Mr. MASUD: Well, I don't have a very clear answer to that. Yes, in the very
narrow sense of the word, I am not a practicing Muslim because I don't go to
prayer. I don't do prayer five times a day. But at the same time I do have
a very profound respect for any believers, and I respect people's, you know,
sensitivity and, you know, their feeling. And I also very appreciate the Sufi
mystic tradition of Islam. I'm very much, you know, influenced by Jalal
al-Din Rumi and so many other--and, also, very famous Bengali mystic poets
like Lalan and others. I mean, you know, Tagore, the Nobel Prize-winning poet
of Bengal, was very much influenced by Lalan, this mystic Sufi. Now what I'm
trying to say is I'm very much interested and intrigued by the religiosity as
a whole, but I can't say that I'm a practicing believer.
DAVIES: Tareque Masud. His film, "The Clay Bird," opens in New York, San
Francisco and San Rafael April 30th and in other cities in coming weeks.
DAVIES: Today's the birth date of the late composer and bassist Charles
Mingus, who was born 82 years ago. Let's celebrate with music from his 1959
recording "Blues And Roots." This is "Wednesday Night Prayer Meeting."
(Soundbite of "Wednesday Night Prayer Meeting")
DAVIES: That's Charles Mingus with "Wednesday Night Prayer Meeting."
Coming up, Kevin Whitehead reviews a new CD of Leonard Bernstein songs by Bill
Charlap. This is FRESH AIR.
(Soundbite of music)
* * * * * * * * * * * * * * * * * * * * * * * * * * * * * * * * * * *
Review: Bill Charlap's new CD titled "Somewhere: Songs of Leonard
DAVE DAVIES, host:
Jazz critic Kevin Whitehead reviews a new CD by pianist Bill Charlap
interpreting the popular songs of Leonard Bernstein. Though best known as a
classical conductor and composer, Bernstein wrote music for shows, including
"West Side Story," "On The Town" and "Candide." Kevin says Charlap, the son
of a Broadway composer and jazz singer who demoed songs for Broadway
composers, is ideally cast for this project.
(Soundbite of music)
KEVIN WHITEHEAD reporting:
Leonard Bernstein wanted recognition for his big orchestral works, but his
smaller pieces have proven more durable so far.
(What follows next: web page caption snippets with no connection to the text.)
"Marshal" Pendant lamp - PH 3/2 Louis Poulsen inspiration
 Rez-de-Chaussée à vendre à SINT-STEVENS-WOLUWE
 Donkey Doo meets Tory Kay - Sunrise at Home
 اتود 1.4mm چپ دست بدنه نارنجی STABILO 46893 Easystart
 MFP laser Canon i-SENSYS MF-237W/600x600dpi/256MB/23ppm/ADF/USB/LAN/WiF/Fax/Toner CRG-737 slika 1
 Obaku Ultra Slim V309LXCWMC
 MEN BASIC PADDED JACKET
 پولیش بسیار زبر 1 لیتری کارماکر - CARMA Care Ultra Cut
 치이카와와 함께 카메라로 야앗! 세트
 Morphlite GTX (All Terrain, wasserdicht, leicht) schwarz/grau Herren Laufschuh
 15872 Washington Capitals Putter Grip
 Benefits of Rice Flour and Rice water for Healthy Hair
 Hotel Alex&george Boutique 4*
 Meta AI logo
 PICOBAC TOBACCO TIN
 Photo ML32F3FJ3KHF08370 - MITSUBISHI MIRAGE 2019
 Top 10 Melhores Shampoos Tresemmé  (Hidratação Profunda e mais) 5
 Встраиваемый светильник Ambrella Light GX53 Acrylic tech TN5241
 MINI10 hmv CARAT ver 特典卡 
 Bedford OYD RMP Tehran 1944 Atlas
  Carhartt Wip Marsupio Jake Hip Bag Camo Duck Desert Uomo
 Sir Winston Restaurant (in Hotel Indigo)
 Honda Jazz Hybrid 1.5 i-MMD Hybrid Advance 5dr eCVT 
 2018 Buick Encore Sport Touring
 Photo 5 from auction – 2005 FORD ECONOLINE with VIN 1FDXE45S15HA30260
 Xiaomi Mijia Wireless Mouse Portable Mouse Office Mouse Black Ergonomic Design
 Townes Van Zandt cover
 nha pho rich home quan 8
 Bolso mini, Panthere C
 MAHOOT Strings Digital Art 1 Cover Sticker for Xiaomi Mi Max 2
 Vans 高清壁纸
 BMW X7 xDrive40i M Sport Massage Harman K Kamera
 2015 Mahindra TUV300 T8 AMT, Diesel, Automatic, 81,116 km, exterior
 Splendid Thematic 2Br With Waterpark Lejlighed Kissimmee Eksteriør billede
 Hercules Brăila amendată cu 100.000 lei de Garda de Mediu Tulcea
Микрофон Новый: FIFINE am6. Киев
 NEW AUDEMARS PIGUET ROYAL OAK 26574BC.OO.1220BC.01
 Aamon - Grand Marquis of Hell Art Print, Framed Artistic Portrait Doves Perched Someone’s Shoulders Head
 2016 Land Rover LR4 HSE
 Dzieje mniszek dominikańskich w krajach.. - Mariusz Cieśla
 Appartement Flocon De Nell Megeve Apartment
The classic songs he wrote in
the 1940s and '50s are distinguished by their easy and open lyricism, unfussy
but elegant harmonies and maybe a twinge of regret that the classic American
pop song was on the way out when he came in.
His tunes include "West Side Story" hits like "America" and "Somewhere,"
but also lovely earlier ballads, like "Some Other Time" and "Lucky to be Me."
(Soundbite of "Somewhere")
WHITEHEAD: Pianist Bill Charlap, bassist Peter Washington and drummer Kenny
Washington on their third and, to me, their best CD on Blue Note, "Somewhere,"
the music of Leonard Bernstein.
As the son of a composer and a singer, Charlap respects the integrity of these
songs. He highlights the pretty melodies and doesn't gussy things up too
much, making effective use of space and stage whispers. The lines he plays
with his right hand really sing in a way that recalls low-key '50s vocalists,
like Bobby Troup and Blossom Dearie, who, by the way, recorded four of the
same Bernstein tunes in a 1959 salute to lyricists Comden and Green.
If Charlap's tendency to underplay makes him sound like a cocktail pianist
once in a while, he also finds the blues inside these tunes, even the
sentimental "Ohio" from the show "Wonderful Town."
(Soundbite of "Ohio")
WHITEHEAD: Subtle ballads are Charlap's hallmark, but he can kick up the
dust, too, and his rhythm section is happy to join in. The precisely weighted
touch that serves Charlap well on ballads also lets him swing the piano
hammers against the strings like a strongman. The jumpiest tune on the
Bernstein album is "Jump," from "West Side Story," which hops from one
rhythmic figure to another, like a jazz rock tune from the '70s.
(Soundbite of "Jump")
WHITEHEAD: Listening to Bill Charlap play Leonard Bernstein, you sense an
artist at home with his materials, one who understands where the music came
from, how it works and what it means. You get the feeling he's found his
subject, that he could mime this composer's book for a good while to come.
DAVIES: Kevin Whitehead writes for the Chicago Sun-Times, The Absolute Sound
and Down Beat. He reviewed "Somewhere: The Songs of Leonard Bernstein" by
the Bill Charlap Trio on Blue Note.
(Soundbite of music)
DAVIES: For Terry Gross, I'm Dave Davies.